Bill Gates mise sur la reprise de la construction en Espagne
Bill Gates jouerait-il le rebond du marché immobilier espagnol ? Le co-fondateur de Microsoft vient d’acquérir 6% du capital du groupe de construction ibérique FCC pour 113,5 millions d’euros.
Bill Gates deviendra ainsi le deuxième actionnaire de FCC, derrière la présidente non exécutive, Esther Koplowitz et ses 54% du capital. La transaction a été réalisée au prix de clôture de vendredi, soit 14,86 euros par action. Depuis, le titre a rebondi de 14%.
FCC a en réalité cédé son autocontrôle et ne détient plus que 0,19% de son capital. Cette transaction viendra renforcer les fonds propres de FCC, qui en a bien besoin.
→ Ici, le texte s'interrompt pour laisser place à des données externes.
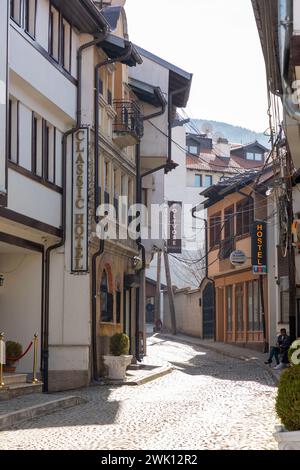 Prizren, Kosovo - 6. Februar 2024: Traditionelle osmanische Architektur und allgemeiner Blick auf die Straße in Prizren, der zweitgrößten Stadt des Kosovo. Stockfoto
Le groupe affiche une dette nette de 5,2 milliards d’euros, et doit notamment refinancer 3,5 milliards d’euros de dette arrivant à échéance en décembre 2013, 1,6 milliard en décembre 2014 et 1 milliard en décembre 2015. Ces 6% d’actions en autocontrôle étaient liés à une obligation convertible de 450 millions d’euros, d’échéance fin octobre 2014, avec un prix d’exercice de 29,3 euros, et faisaient partie des négociations en cours sur la dette.
«Nous continuons à nous inquiéter des conditions probables du refinancement, non seulement le coût de la dette mais les garanties, les covenants et le calendrier de réduction de la dette», note Espirito Santo. Par ailleurs, FCC serait en pourparlers avec ses banques créancières pour convertir une partie de sa dette en «PIK» (payment in kind) high yield , pour environ 1,5 milliard d’euros, selon des sources citées par Bloomberg.
Touchée de plein fouet par l’effondrement du marché immobilier espagnol, la société a perdu les trois quarts de sa valeur en Bourse entre début 2007 et début 2009. Affectée par la faillite de sa filiale autrichienne Alpine, et par l’échec de son développement en Europe de l’Est, FCC a poursuivi sa descente l’an dernier.
Toutefois, depuis le point bas touché mi-avril, légèrement au-dessus des 7 euros, l’action a pris plus de 150%, à la faveur de son programme de désendettement via des cessions d’actifs, et de la signature d’un contrat de 6 milliards de dollars pour la construction du métro de Ryad, en Arabie Saoudite.
En dépit de la récente surperformance du titre, «nous ne voyons aucune raison d’être optimiste et restons prudents sur le titre, note Kepler Cheuvreux. Même si FCC atteint ses objectifs, les actions semblent encore chères sur la base de 6 à 7 fois l’Ebitda 2015».